"Use Your Imagination! …and Don't!"
by Marco Marrese for remotegoat on 25/03/11

You better be prepared for a brainy evening as you go and watch this British premiere of Wajdi Mouawad's Littoral (Shore) at the Riverside Studios. This is deliberately and manifestly high-brow theatre, and I would think most viewers will find it cryptic and incomprehensible. Honestly, despite having done his homework, this reviewer was perplexed for most of the first half and still remains confused about the themes and messages that the author wants to convey.
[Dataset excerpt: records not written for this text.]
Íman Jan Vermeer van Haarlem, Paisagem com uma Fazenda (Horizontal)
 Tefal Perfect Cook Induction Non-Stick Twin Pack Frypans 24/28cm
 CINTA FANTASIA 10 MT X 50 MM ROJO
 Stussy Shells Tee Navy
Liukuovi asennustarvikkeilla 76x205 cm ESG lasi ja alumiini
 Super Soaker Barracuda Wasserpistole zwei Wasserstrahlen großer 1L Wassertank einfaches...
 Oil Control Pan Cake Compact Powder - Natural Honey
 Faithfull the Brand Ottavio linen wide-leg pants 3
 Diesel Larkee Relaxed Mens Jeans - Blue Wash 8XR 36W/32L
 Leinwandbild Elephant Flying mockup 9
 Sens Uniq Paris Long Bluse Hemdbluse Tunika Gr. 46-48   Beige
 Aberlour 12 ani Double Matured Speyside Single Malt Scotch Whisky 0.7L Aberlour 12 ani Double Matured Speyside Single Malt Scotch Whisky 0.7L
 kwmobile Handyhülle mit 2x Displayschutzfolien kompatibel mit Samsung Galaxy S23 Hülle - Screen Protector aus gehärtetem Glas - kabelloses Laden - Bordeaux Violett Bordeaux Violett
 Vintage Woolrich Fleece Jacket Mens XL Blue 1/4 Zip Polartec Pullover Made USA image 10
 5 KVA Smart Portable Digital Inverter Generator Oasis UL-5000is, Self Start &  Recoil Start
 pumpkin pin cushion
Wilfred (Joseph Elliott), the protagonist, develops his identity in front of us as he grows out of adolescence, following the death of his father. We experience with him the mix of imaginary and real events through which he discovers the contradictions of his origins (was his father a murderer, or not?). We follow him in the encounters that will allow him to become a man, by understanding and accepting both what he shares with other human beings, and his uniqueness. We see him abandoning his protective fantasies (a medieval knight he calls whenever he needs protection) and his cowardly excuses (a film crew "directing" his life).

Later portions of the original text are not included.